Hand Pose #11 with Shiny Tube

If you haven’t already gone through Part 1 of this tutorial, please do that now.  It introduces the subject of how to draw a shiny object.  And its video shows this hand drawing in its initial outline-sketch phase.

The video below, at the end of this post, follows the drawing through creating the shiny look of the lipstick tube.

How to draw shine

Part 1 of Hand Tutorial #11 discussed how to look at the shiny tube as a jigsaw puzzle of stripes.  When you view the tube globally as “a shiny lipstick,” the tendency is to freak out: “I can’t draw that, it’s shiny!  How can you make a pencil drawing look shiny?”

In fact, it’s simple.  You need to shift the way you’re viewing the tube to “right-brained” mode.  In right mode, you see that visually the shiny tube is made up of easily-drawn “jigsaw” pieces, most of which are shaped a lot like stripes.

Tube with one shiny end and one dull end (and for once, my blue fingernail somewhat photoshopped out)

If you replicate these “stripes” in your drawing, you’ll find that your pencil will magically create shininess.

Video: drawing the shiny tube

To make your tube look really shiny, it’s important to draw the “stripes” and other reflection-shapes accurately.  To do this, I began (Frame 6 of the video below) by bisecting my sketched tube, following the dark line that happens to run down its length almost in its center.  I then divided up each half of the tube, duplicating the width of each “stripe” (Frames 7-8).

Because this sketch is in black and white, I had to represent the shiny tube’s dull green and beige (discussed above) in shades of gray (I began in Frames 9-10).  Your shiny object will probably also reflect colors.  To figure out what shade of gray should represent each color, squint your eyes hard.  The colors will begin to disappear and it will be much easier to see the relative values of the colors you will represent in shades of gray.

In Part 1 of this tutorial, we discussed the shading of the other end of the tube, which is much duller.  You can capture this quality by shading it as it appears: it’s shading is even and gradual, in contrast to the highly-varied stripes of the shiny end.  I began this process in Frame 11 and kept perfecting it later (e. g.
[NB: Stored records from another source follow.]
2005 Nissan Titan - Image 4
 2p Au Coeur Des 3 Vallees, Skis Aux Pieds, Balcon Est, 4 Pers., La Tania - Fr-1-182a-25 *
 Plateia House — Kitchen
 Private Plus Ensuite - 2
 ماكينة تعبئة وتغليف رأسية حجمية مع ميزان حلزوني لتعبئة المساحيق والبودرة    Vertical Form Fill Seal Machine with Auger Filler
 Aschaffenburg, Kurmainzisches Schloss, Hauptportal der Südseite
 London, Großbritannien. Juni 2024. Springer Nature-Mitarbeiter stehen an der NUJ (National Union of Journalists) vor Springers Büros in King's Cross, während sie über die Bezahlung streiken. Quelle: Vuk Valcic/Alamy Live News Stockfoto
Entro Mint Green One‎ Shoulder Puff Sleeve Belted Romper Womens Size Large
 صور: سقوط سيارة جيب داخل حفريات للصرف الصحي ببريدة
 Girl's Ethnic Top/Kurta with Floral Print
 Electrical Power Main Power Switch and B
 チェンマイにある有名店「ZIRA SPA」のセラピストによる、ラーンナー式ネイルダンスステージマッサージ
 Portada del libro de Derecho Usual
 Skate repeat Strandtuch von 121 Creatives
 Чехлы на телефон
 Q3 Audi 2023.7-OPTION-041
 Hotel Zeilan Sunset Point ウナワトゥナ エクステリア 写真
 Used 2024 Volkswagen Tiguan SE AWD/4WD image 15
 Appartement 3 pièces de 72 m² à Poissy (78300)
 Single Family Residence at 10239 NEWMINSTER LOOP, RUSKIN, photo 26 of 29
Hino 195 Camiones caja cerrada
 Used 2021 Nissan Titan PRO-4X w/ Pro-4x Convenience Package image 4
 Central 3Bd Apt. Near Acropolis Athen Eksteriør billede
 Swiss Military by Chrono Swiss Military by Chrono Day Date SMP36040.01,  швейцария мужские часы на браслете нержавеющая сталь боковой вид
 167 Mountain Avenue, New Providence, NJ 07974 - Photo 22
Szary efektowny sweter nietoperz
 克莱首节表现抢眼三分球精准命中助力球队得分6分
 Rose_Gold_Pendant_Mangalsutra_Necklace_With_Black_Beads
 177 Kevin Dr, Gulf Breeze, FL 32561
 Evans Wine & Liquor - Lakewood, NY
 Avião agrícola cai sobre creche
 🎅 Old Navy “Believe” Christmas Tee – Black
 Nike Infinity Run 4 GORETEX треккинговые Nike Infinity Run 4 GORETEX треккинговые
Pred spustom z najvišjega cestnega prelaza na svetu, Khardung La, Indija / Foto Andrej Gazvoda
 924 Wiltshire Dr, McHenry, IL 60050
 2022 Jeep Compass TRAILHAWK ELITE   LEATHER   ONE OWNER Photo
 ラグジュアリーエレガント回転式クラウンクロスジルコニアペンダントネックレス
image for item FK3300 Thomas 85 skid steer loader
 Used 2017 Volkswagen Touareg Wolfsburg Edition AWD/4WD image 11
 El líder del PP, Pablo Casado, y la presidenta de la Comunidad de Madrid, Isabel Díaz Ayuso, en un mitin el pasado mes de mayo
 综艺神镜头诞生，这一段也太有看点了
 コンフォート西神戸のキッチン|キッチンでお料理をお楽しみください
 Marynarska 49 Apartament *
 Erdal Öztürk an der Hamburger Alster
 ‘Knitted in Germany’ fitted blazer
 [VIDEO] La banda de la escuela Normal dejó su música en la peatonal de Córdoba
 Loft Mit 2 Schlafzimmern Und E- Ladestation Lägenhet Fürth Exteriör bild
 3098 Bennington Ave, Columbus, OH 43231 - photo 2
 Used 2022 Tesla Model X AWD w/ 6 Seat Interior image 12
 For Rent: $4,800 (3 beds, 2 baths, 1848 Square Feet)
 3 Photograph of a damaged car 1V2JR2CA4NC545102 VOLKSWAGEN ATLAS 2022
Frames 14-15).

Photo of hand pose for Tutorial #11.

In any drawing, how you shade everything around a shiny object will affect how the shininess is perceived.  In my drawing, I kept perfecting the shading, in particular of the fingers close to the lipstick.

And notice how much lighter the highlights on the shiny part of the tube are than any other “jigsaw piece” in the entire hand pose (see photo right).  To make your drawing look very realistic, if you’re using white paper, you can darken every other area of the paper (this is why artists often begin paintings by putting a medium-toned wash over their entire canvas: so that the highlights will look strikingly bright against this background).  I began doing this around Frame 17 and continued through the end of the sketch.

Around Frame 19, I used white acrylic paint and a small brush to lighten the bright highlights on the shiny end of the tube (I also used it on the fingernail tips and in a couple of other spots that became smudged with pencil and were difficult to lighten with my eraser alone).

By the way, though I didn’t draw my watch, it has a shiny texture that you can study visually.  If you were going to take the time to draw all those little links, you would follow exactly the same process as we have with the relatively simple shiny lipstick tube.

Technical note:  This video is even jumpier than usual because of some difficulties with my tripod (accidentally knocking it a few times, etc).  As a result, there appear to be changes in the overall size of the drawing and its perspective.  These changes didn’t actually occur in my drawing.  You may find this video most useful if you focus only on the lipstick tube itself during the frames when I’m working on that.